Notre ami, savez-vous un thème que vous devriez développer, et qui donnerait bien la page la plus « harem » de tout le livre ? Le sentiment de vide qu’amène dans nos existences l’obligation de ne causer qu’avec des femmes, de n’avoir pour intimes que des femmes, de nous retrouver toujours entre nous, entre pareilles. Nos amies ? mais, mon Dieu, elles sont aussi faibles et aussi lasses que nous-mêmes. Dans nos harems, la faiblesse, les faiblesses plutôt, ainsi réunies, amassées, ont mal à l’âme, souffrent davantage d’être ce qu’elles sont et réclament une force. Oh ! quelqu’un avec qui ces pauvres créatures oubliées, humiliées, pourraient parler, échanger leurs petites conceptions, le plus souvent craintives et innocentes ! Nous aurions tant besoin d’un ami homme, d’une main ferme, mâle, sur laquelle nous appuyer, qui serait assez forte pour nous relever si nous sommes près de choir. Pas un père, pas un mari, pas un frère ; non, un ami, vous dis-je ; un être que nous choisirions très supérieur à nous, qui serait à la fois sévère et bon, tendre et grave, et nous amitié surtout protectrice… On trouve des hommes ainsi, dans votre monde, n’est-ce pas ?

ZEYNEB.


Des existences où il n’y a rien ! Sentez-vous toute l’horreur de cela ? De pauvres âmes, ailées maintenant, et que l’on tient captives ; des cœurs où bouillonne une jeune sève, et auxquels l’action est interdite, qui ne peuvent rien faire, pas même le bien, qui se dévorent ou s’usent en rêves irréalisables.
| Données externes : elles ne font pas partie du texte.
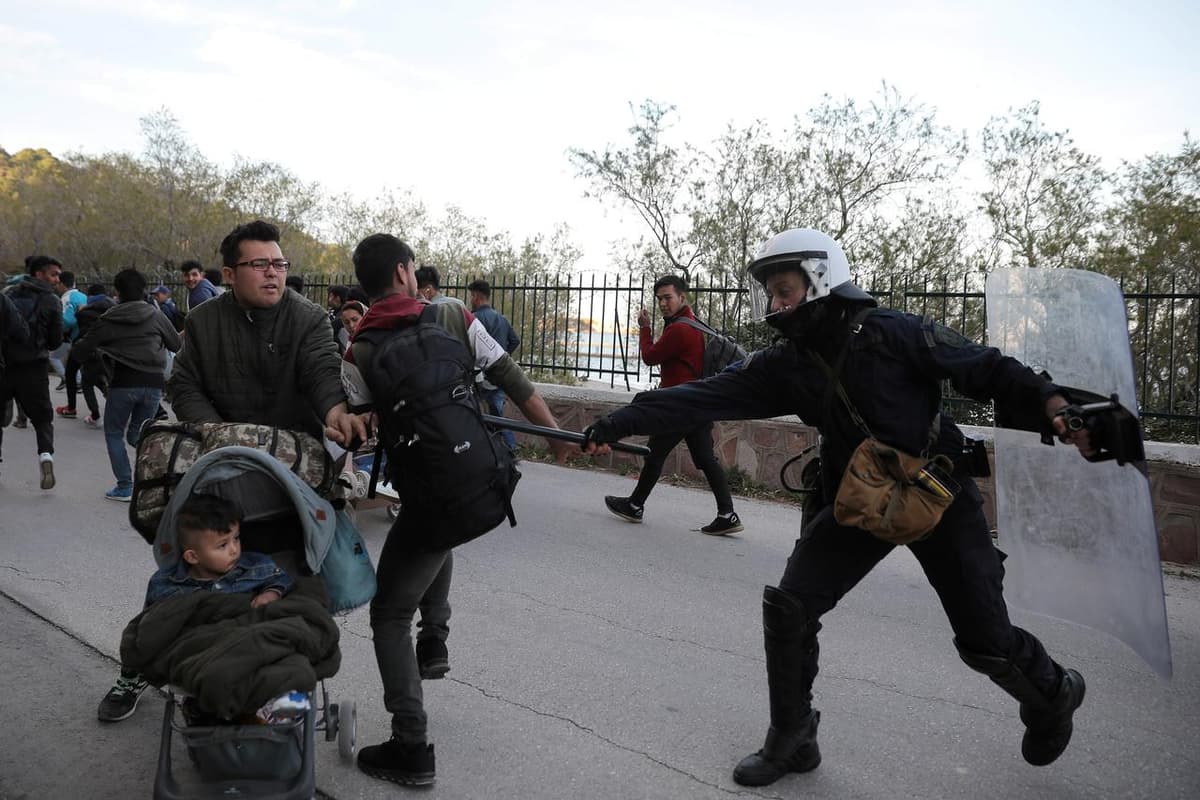 Gretsiya politsiyasi migrantlarga qarshi ko‘zdan yosh oqizuvchi gaz qo‘lladi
Vous représentez-vous les jours mornes que couleraient vos trois amies, si vous n’étiez pas venu, leurs jours tous pareils, sous la tutelle vigilante de vieux oncles, de vieilles femmes dont elles sentent constamment peser la désapprobation muette.
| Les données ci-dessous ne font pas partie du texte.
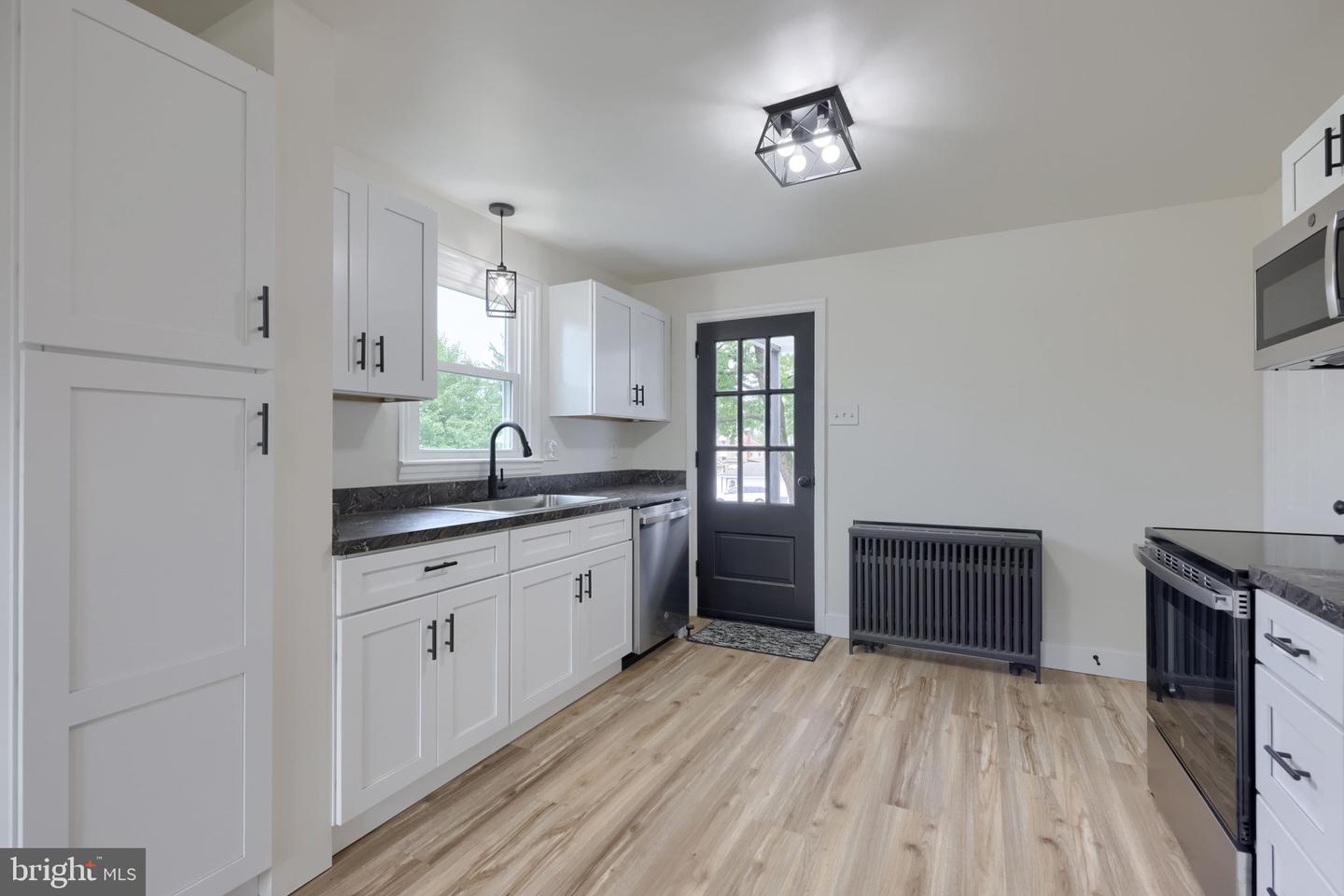 11 E Herman Avenue Property Photo 27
Du drame de mon mariage que je vous ai conté, il restait, tout au fond de moi-même, la rancune contre l’amour (du moins l’amour tel qu’on l’entend chez nous), le scepticisme de ses joies, et à mes lèvres une amertume ineffaçable. Cependant je savais à peu près déjà qu’il était autre en Occident, l’amour qui m’avait tant déçue, et je me mis à l’étudier avec passion dans les littératures, dans l’histoire, et, comme je l’avais pressenti, je le vis inspirateur de folies, mais aussi des plus grandes choses ; c’est lui que je trouvai au cœur de tout ce qu’il y a de mauvais dans ce monde, mais aussi de tout ce qu’il y a de bon et de sublime… Et plus amère devint ma tristesse, à mesure que je percevais mieux le rayonnement de la femme latine. Ah ! qu’elle était heureuse, dans vos pays, cette créature pour qui depuis des siècles on a pensé, lutté et souffert ; qui pouvait librement aimer et choisir, et qui, pour se donner, avait le droit d’exiger qu’on le méritât. Ah ! quelle place elle tenait chez vous dans la vie, et combien était incontestée sa royauté séculaire !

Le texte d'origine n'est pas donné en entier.